Comme son nom l’indique, la reconnaissante de dette est un gage de l’existence d’une dette. Juridiquement parlant, il s’agit d’un document formel, donc un écrit  par lequel une personne, un tiers, appelé le débiteur s’engage à payer une somme d’argent empruntée, à une autre personne, donc le créancier. Voyons à quoi sert une reconnaissance de dette à travers cet article.

Comment ça marche ?

Chacun peut à un moment donné être à court d’argent pour répondre à telle ou telle autre situation qu’on traverse. C’est là qu’intervient un bon ami, un collègue, une entreprise partenaire, ou un membre de la famille pour vous secourir et apporter son aide financière ponctuelle. Alors, dès qu’on est dépanné, il peut arriver qu’on oublie, qu’on résiste de s’acquitter de son engagement de restituer l’argent prêté dès qu’on en a les moyens, c’est là que surviennent tous les problèmes entre demandeur et prêteur. C’est palier ce genre de défaillance qu’on comprend  à quoi sert une reconnaissance de dette. En effet, des conflits ou des contestations peuvent entacher la solvabilité de celui qui vous a emprunté de l’argent, éviter cela ou prévenir de tels problèmes, c’est ce à quoi sert une reconnaissance de dette.

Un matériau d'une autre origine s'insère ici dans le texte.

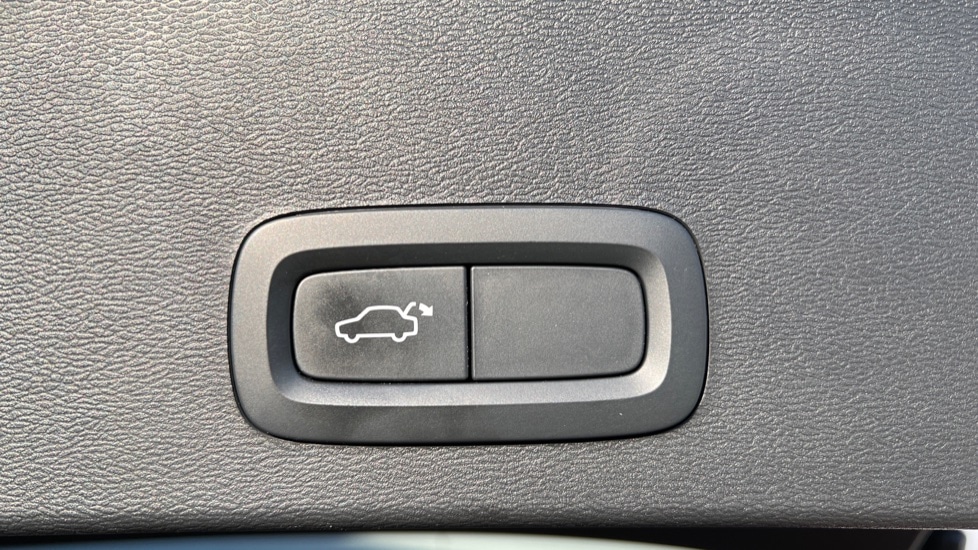 Used Volvo XC40 2022 for sale - 76874074: Photo 44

Pourquoi établir une reconnaissante de dette

A quoi sert une reconnaissance de dette ? C’est une preuve qui atteste de la réalité d’une dette permettant de se protéger en cas de mauvaise foi du débiteur. La loi exige cependant un écrit lorsque la somme en cause dépasse 1500 euros sans quoi rien ne pourrait apporter la preuve d’une dette. En deçà, cela reste facultatif. Cependant le document peut n’être signé rien qu’entre vous et le débiteur (acte sous-seing privé) ou devant un notaire (acte authentique). A quoi sert une reconnaissance de dette, si ce n’est à se faire rembourser son dû. Elle doit comporter la date et la signature du demandeur, les noms et prénoms des deux parties ainsi que leur date de naissance, l’indication en chiffres et en lettre de la somme prêtée, la date d’exigibilité de la dette et le taux d’intérêt (facultatif).